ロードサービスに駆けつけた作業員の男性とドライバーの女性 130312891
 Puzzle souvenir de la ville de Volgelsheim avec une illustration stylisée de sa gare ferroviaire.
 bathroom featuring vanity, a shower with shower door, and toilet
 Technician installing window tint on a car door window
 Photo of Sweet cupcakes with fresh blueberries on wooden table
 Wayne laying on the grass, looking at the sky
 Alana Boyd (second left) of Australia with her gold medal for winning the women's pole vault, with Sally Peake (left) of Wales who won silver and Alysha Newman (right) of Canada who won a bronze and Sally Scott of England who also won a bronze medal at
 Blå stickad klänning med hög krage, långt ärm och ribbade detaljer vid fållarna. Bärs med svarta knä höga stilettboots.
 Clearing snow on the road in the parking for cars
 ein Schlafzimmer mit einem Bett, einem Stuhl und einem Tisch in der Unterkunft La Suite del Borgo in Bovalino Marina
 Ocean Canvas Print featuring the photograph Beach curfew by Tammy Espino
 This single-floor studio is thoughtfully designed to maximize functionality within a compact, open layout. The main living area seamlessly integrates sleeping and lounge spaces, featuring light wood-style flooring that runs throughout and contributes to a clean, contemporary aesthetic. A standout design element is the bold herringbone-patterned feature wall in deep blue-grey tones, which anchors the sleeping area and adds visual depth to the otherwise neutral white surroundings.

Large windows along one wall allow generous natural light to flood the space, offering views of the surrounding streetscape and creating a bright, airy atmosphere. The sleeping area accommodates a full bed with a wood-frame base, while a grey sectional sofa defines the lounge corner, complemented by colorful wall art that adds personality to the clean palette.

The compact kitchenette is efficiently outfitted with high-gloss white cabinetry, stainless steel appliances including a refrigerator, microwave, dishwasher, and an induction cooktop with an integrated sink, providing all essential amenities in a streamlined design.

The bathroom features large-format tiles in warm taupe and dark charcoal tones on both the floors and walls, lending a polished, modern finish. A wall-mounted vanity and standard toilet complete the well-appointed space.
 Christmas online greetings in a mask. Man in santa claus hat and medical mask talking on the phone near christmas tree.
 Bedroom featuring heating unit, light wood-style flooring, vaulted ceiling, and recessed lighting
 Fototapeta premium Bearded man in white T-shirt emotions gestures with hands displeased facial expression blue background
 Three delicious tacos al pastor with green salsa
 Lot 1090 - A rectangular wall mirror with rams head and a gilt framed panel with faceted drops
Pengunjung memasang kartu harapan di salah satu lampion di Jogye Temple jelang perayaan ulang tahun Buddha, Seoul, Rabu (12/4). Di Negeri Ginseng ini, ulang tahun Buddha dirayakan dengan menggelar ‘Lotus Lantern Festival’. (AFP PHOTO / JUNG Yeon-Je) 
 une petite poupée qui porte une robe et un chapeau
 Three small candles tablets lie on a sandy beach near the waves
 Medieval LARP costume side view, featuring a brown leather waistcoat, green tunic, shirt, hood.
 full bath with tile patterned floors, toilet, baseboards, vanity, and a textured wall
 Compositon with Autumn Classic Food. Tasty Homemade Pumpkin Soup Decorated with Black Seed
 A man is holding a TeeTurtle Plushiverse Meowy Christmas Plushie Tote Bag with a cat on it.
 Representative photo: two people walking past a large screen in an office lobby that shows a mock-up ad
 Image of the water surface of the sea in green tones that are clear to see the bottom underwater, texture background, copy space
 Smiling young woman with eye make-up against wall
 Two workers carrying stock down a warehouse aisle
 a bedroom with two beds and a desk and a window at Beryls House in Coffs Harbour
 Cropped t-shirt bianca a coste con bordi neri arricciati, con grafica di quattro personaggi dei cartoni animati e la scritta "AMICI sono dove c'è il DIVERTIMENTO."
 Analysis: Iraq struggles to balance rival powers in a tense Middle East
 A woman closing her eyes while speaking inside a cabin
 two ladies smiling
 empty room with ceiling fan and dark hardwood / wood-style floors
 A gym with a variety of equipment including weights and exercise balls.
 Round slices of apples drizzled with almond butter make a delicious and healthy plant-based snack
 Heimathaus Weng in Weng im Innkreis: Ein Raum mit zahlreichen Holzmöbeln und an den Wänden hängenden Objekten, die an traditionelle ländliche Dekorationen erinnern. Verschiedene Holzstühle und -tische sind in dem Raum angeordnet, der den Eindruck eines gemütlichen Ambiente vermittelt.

——

- Work item -
What lines in the data above contain the word "door"? Show them all.

- Worked solution -
 bathroom featuring vanity, a shower with shower door, and toilet
 Technician installing window tint on a car door window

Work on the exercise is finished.